Even if he wasn’t unlucky and last year’s stats were indicative of an actual inability to pitch effectively, Gausman’s youth and stuff should earn him another shot. Remember, Kevin was the fourth overall pick from just a year and a half ago ago and he received a big league promotion after only 13 professional starts, just 8 of which came above A ball.
His arsenal, meanwhile, compensates for his youth and inexperience. Hitting 100 on the gun and average a shade under 96 MPH last season, he naturally relies heavily on his fastball, which also features solid movement when thrown in the bottom half of the zone.

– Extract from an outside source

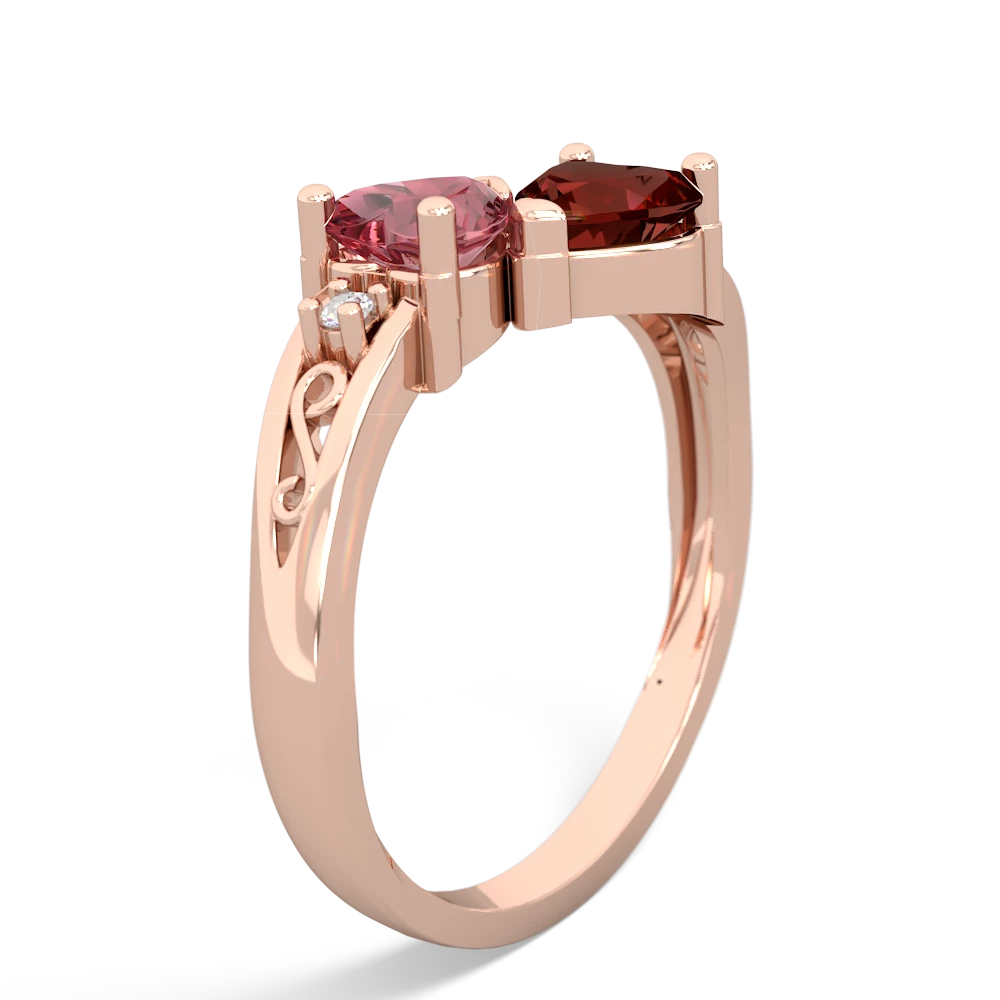 Pink Tourmaline Snuggling Hearts 14K Rose Gold ring R2178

Gausman’s changeup, however, is the pitch that makes him stand out. In this years edition of his top 100 prospect list, Jonathan Mayo described it as “easily a plus pitch – one of the best in the minor leagues.” In his own top 100 list, Keith Law wrote that he throws “a plus changeup that has long been his primary out pitch, with good arm speed and a very severe late tumble.” Baseball America called it the best changeup in the Orioles system. It has such downward movement that despite its name and Gausman’s insistences to the contrary, Pitch F’x often lists it as a splitter. According to Fangraphs, Gausman threw a splitter just under 20% of the time. According to Kevin Gausman, he has never thrown a splitter in his life.

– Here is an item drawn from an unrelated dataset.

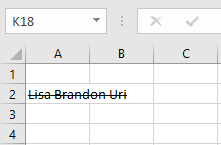 Zellen in Excel durchgestrichen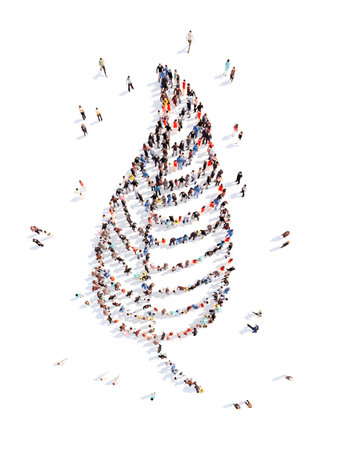 Large group of people in the form of a leaf of a flower. Isolated, white background.の写真素材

Rounding out his reportioire is a hard slider, which has often lagged behind his changeup and fastball in intensity. That being said, the pitch became sharper towards the end of last season, coming in with late bite and often having what Keith Law described as “11-5 break.” Its not the plus or plus-plus pitch that his changeup and fastball are, but it should at least be an average major league offering, probably even better.
If the young fireballer just slightly better and just a little luckier, he should tear through camp and win the fifth start job outright. That’s assuming the Orioles don’t sign a free agent starter. If they do, Gausman will start the season in Triple-A, but it shouldn’t take long for an injury to open up a spot for him in Camden Yards.